Detroit Pistons fans have likely become accustomed to following the top college basketball prospects over the past decade. But given the Pistons are on pace to finish with a bottom-three record, the 2021 NCAA tournament should be of particular interest.
March Madness tipped off Thursday with four play-in games, and the first round begins Friday. With an 11-29 record through 40 games, it appears likely Detroit will be in the mix for the No. 1 pick in the 2021 NBA draft.
While two players in Detroit’s draft range, Jalen Green and Jonathan Kuminga, were with the G League Ignite, there are three players Pistons fans should be following through the next few weeks.
Here’s a look at Cade Cunningham, Evan Mobley and Jalen Suggs.
Cade Cunningham, 4-seed Oklahoma State
Stats: 20.2 points, 6.3 rebounds, 3.6 assists, 1.4 steals
The consensus top pick in this year’s draft, Cunningham is a 6-foot-8, 220-pound freshman point guard who can do just about everything on the court. He’s a much better playmaker than his assist average suggests, capable of making almost any pass. He’s a skilled scorer at all three levels, boasting a post game and hitting 41.2% of his 3-pointers (56-for-136). With a 7-foot-1 wingspan, he has the size to defend all five positions in the NBA.
Cunningham has clear franchise player potential and is one of the best players to come out of any draft in the past decade. If the Pistons were to win the lottery, he would instantly become Detroit’s most talented draft pick since Grant Hill. The early signs are good on Pistons general manager Troy Weaver’s first group of draft picks, but Cunningham would immediately raise the floor for the Pistons next season.

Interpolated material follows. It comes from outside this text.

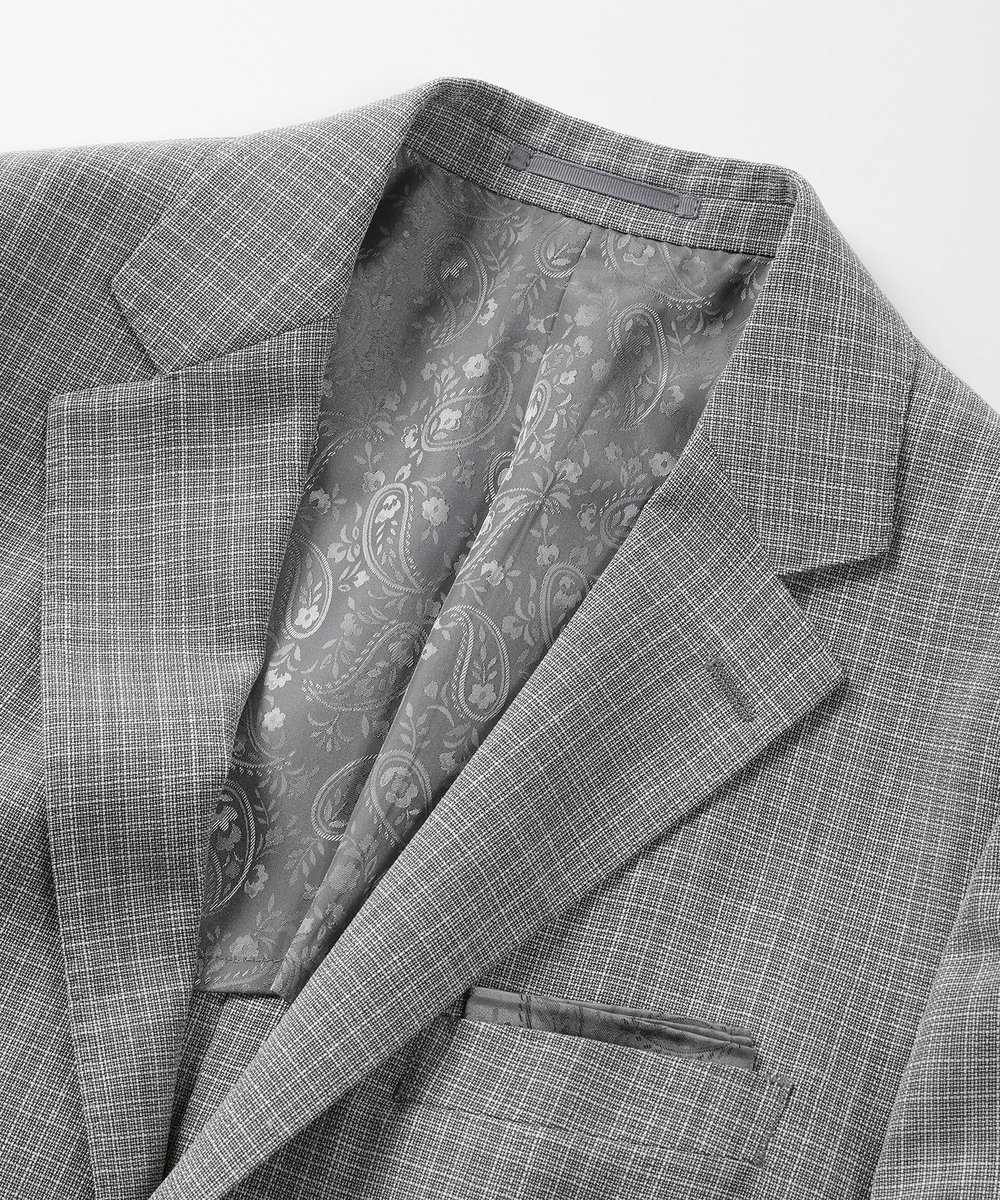 MEN'S BIGI 【ACTIVE TAILOR】ミックスヤーン/ホップサックジャケット ライトグレー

Oklahoma State will play No. 13-seed Liberty at 6:25 p.m. on Friday (TBS).
Evan Mobley, 6-seed USC
Stats: 16.8 points, 8.6 rebounds, 2.2 assists, three blocks
Weaver has said frequently since he was hired last summer — he loves centers. Mobley is, by far, the best center of the draft. He’s a skinny 7-footer at 215 pounds, with a huge wingspan and the skill and mobility to emerge as one of the NBA’s best scorers. More of a face-up big at this stage in his career, he’s a good ball-handler for his size and thrives when attacking the rim. He has potential to become a good outside shooter, though he only hit 31.4% of his 3s this season (11-for-35). Offensively, he has drawn comparisons to Anthony Davis.
Mobley earned the Pac-12’s Player of the Year, Defensive Player of the Year and Freshman of the Year honors this season. His offensive potential and impact as a rim protector gives him an extremely high floor, and he’s the only player in the draft challenging Cunningham as the best overall prospect. Given the Pistons have signaled that Isaiah Stewart could play power forward down the road, Mobley would give them a talented, versatile frontcourt on both ends of the floor.
USC will play No. 11-seed Drake on Saturday at 4:30 p.m. (TNT).
Jalen Suggs, 1-seed Gonzaga
Stats: 14.3 points, 5.5 rebounds, 4.5 assists
Suggs, a freshman point guard, has shades of Kyle Lowry in his game, and has been compared to one of the greatest Pistons ever — Chauncey Billups. Suggs is strong on both ends of the floor. He’s a strong, steady playmaker who can get to the rim and doesn’t shy away from contact. He’s also a reliable 3-point shooter (28-for-79, 35.4%), though it’s an area of his game he can continue to improve. He’s respected as a leader.
The Pistons just drafted a lead guard in Killian Hayes, but there could be upside in a Hayes-Suggs backcourt. Both players are better with the ball in their hands, but the Pistons want Hayes to improve as an off-ball shooter. Both players — Suggs has good size for a point guard standing 6 feet 4 and 205 pounds — are good defenders with the size to handle most backcourt assignments. It wouldn’t be a perfect pairing, but Suggs may be too good to pass on depending on where the Pistons draft.
Gonzaga will play either No. 16-seed Norfolk State or No. 16-seed Appalachian State at 9:20 p.m. on Saturday (TBS).